[Start of section]
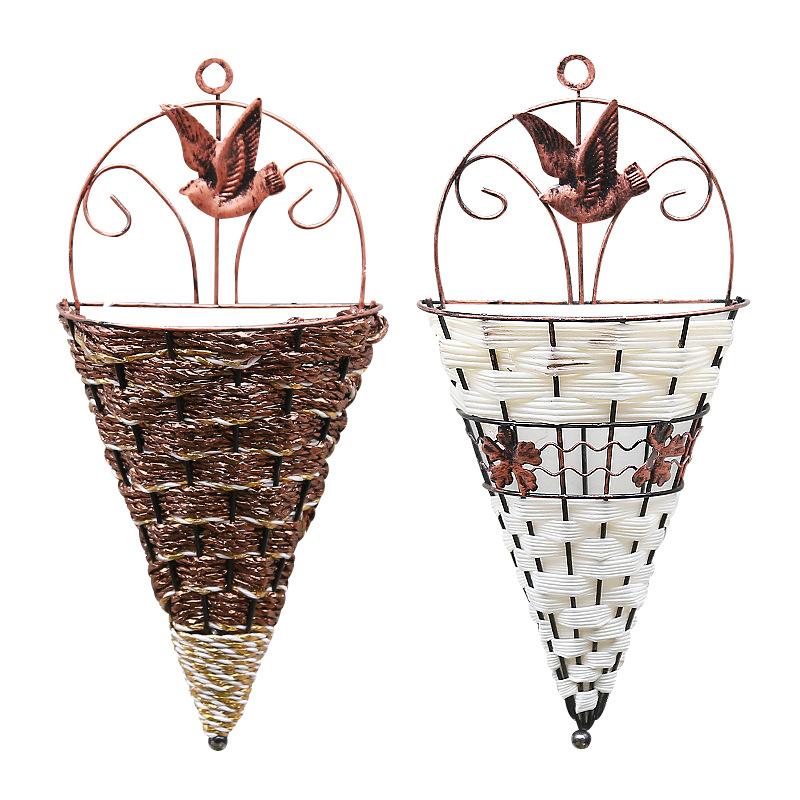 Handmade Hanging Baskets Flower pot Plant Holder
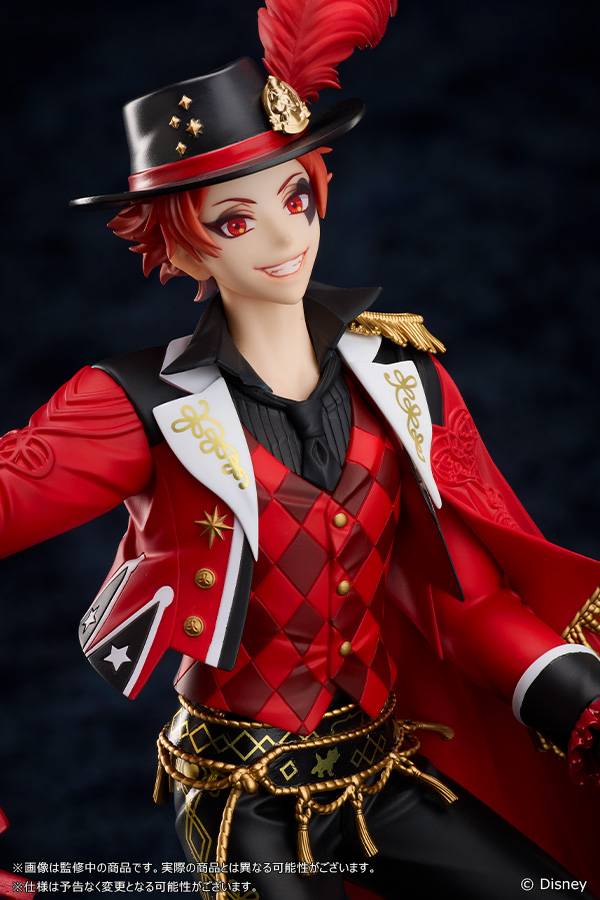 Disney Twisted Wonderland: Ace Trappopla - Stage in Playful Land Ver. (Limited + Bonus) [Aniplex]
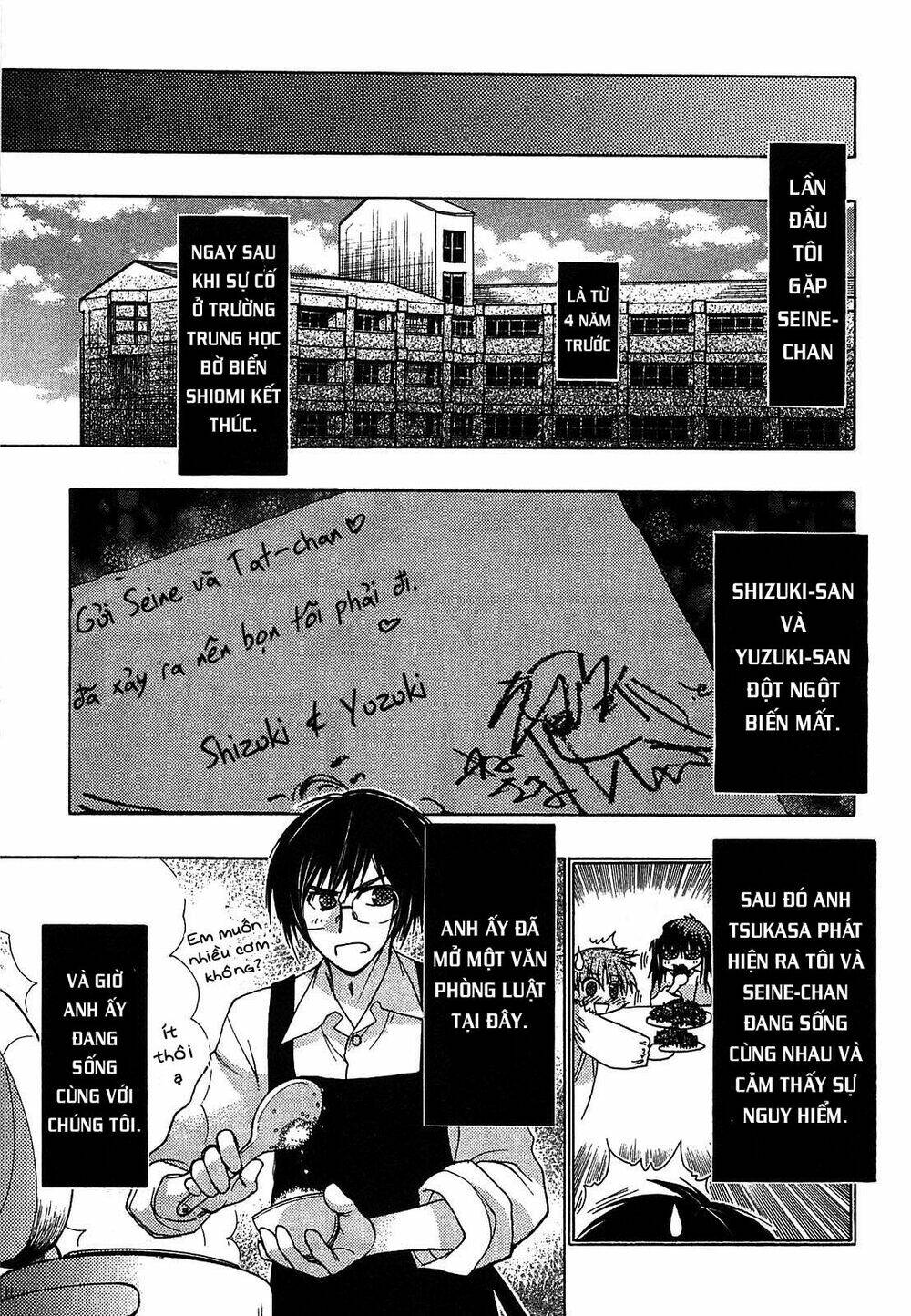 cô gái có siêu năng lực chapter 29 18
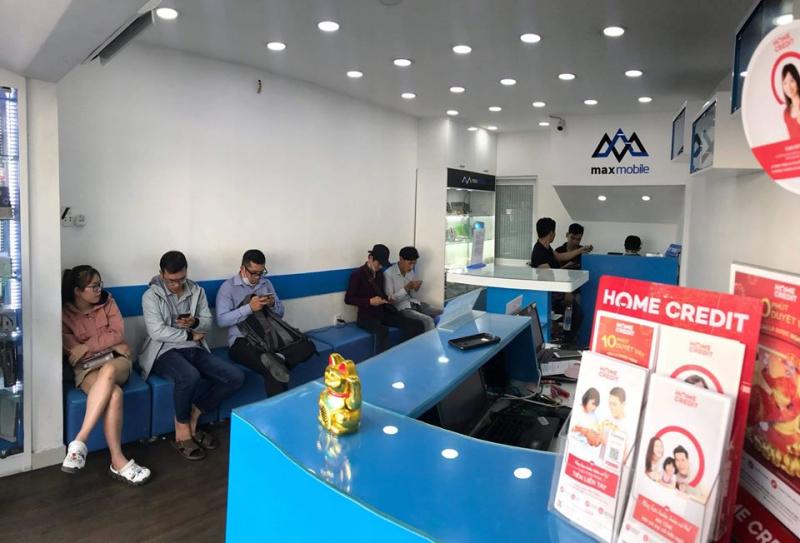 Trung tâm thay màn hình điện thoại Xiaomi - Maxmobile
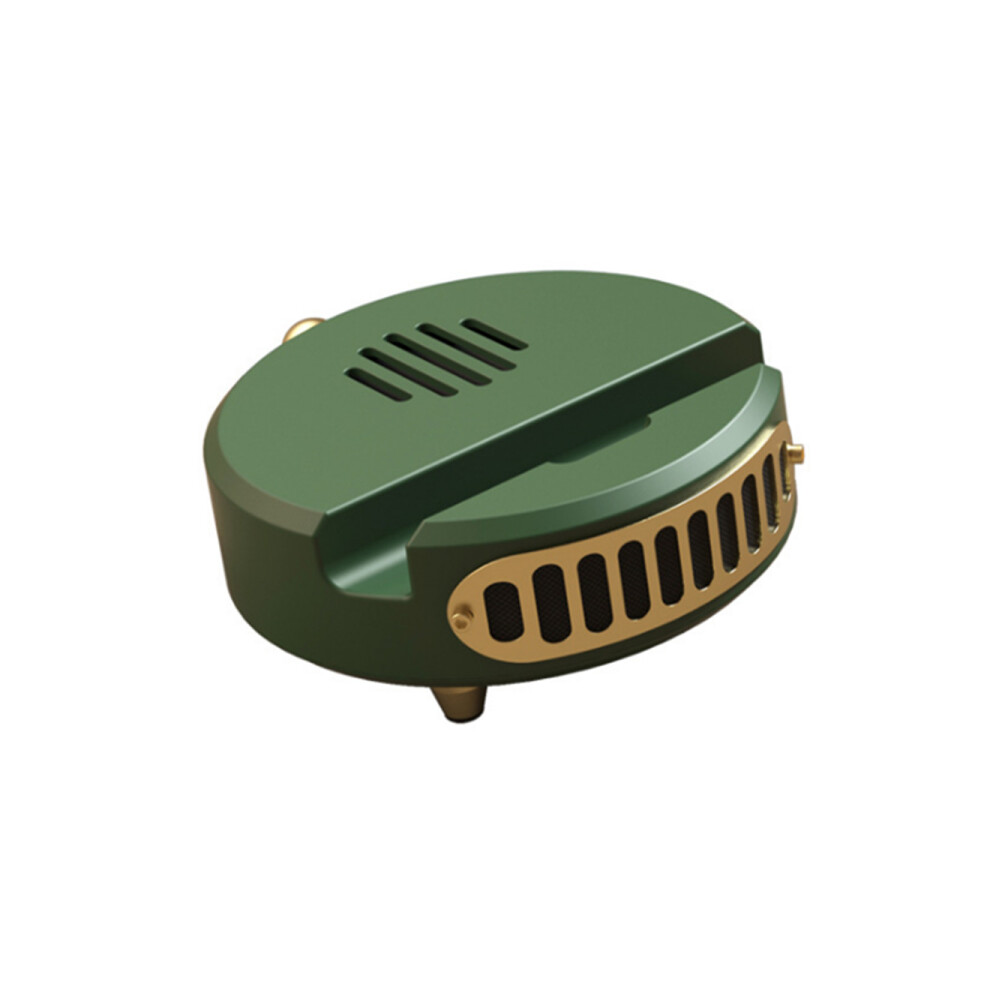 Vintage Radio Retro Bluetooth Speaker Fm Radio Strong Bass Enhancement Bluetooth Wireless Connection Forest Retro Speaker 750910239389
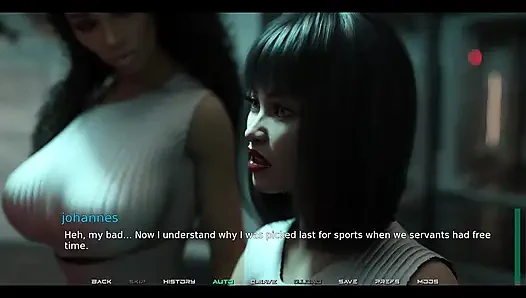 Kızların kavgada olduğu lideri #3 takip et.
[End of section]
[Start of section]
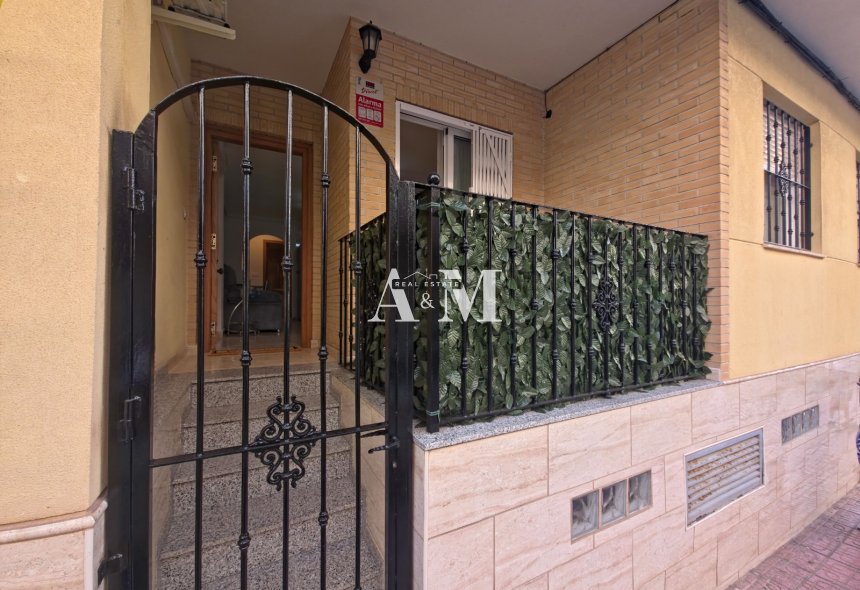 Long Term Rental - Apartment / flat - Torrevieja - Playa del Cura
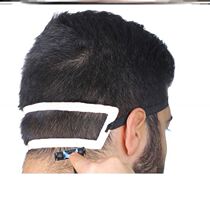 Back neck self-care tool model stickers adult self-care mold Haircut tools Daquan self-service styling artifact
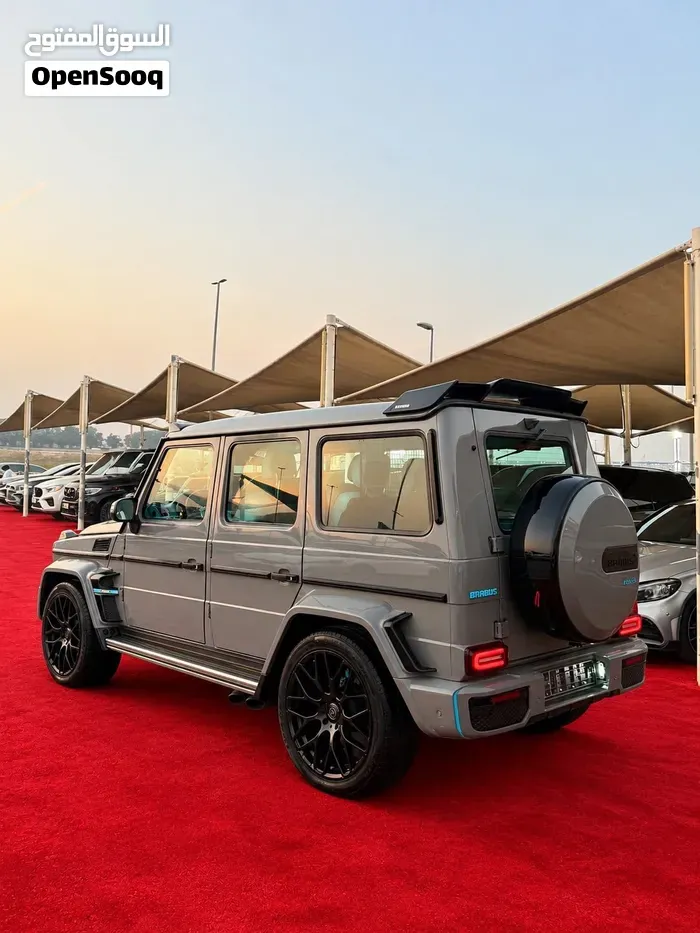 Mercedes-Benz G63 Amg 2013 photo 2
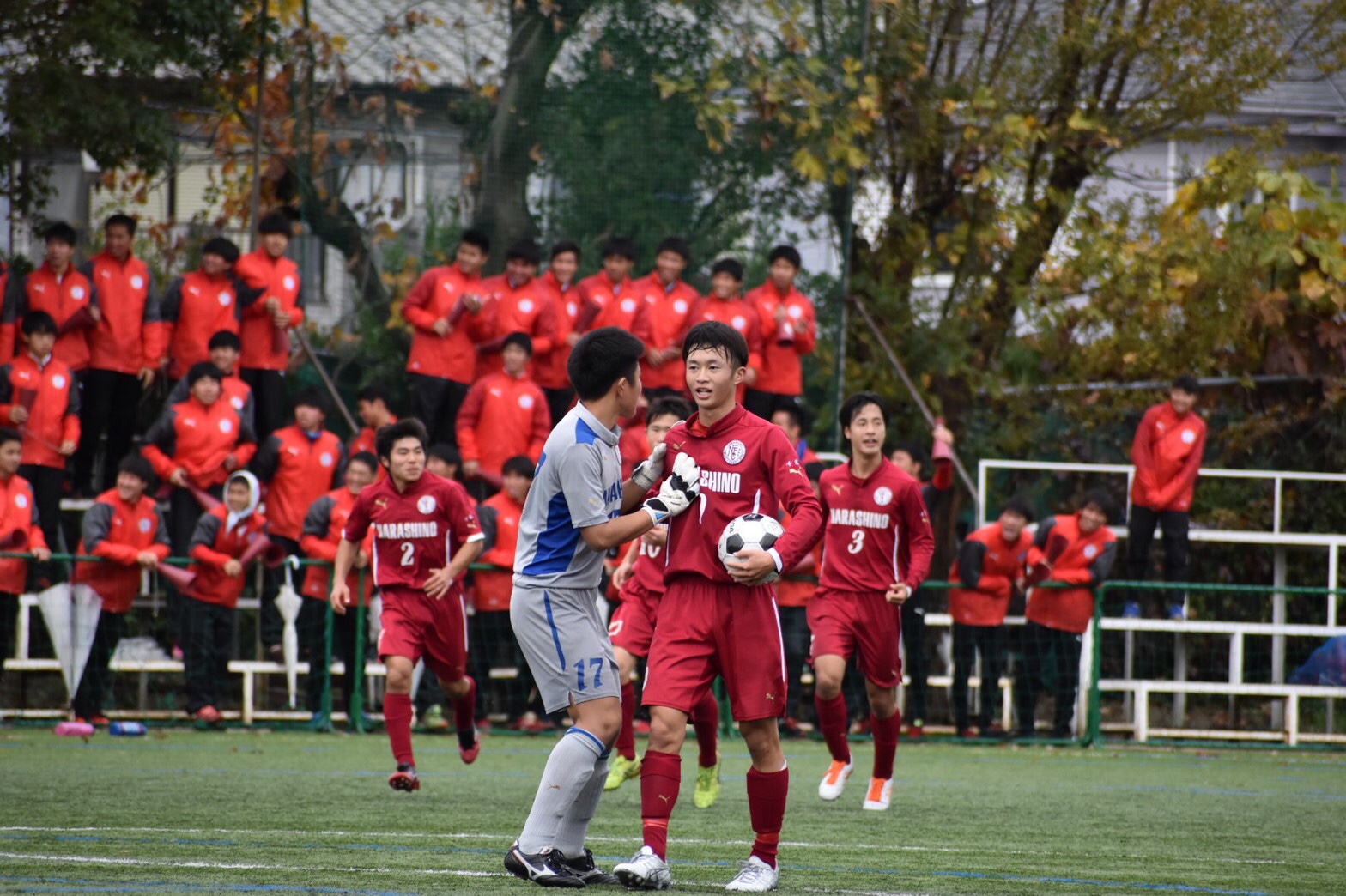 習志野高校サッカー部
[End of section]
[Start of section]
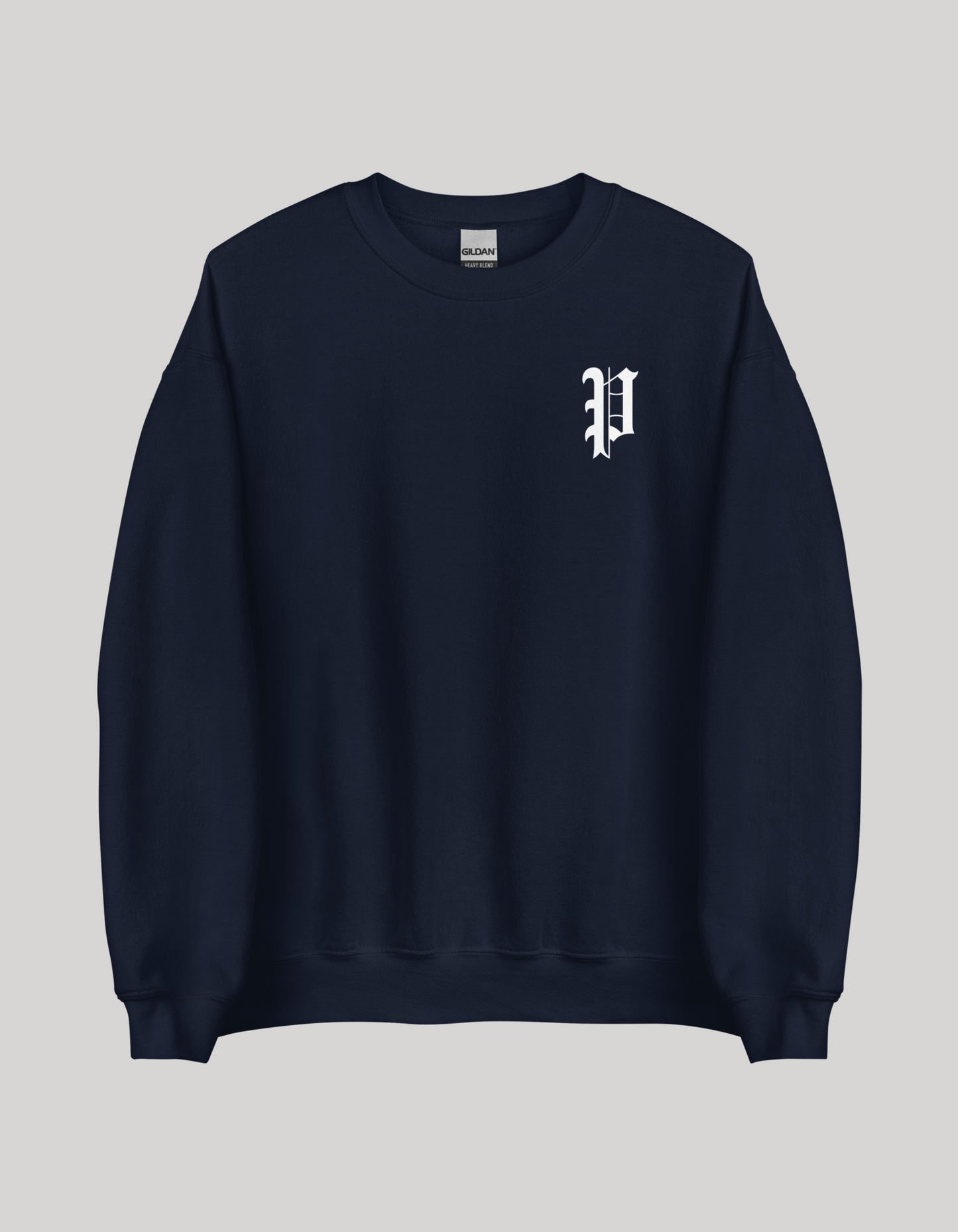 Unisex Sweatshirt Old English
[End of section]
> _Assigned task_: Every line above between the one containing "Vintage Radio Retro" and the one containing "Kızların kavgada olduğu lideri #3 takip et.", those two included, is to be printed exactly. No pictures go into the copy.

> _Solved exercise_:
 Vintage Radio Retro Bluetooth Speaker Fm Radio Strong Bass Enhancement Bluetooth Wireless Connection Forest Retro Speaker 750910239389
 Kızların kavgada olduğu lideri #3 takip et.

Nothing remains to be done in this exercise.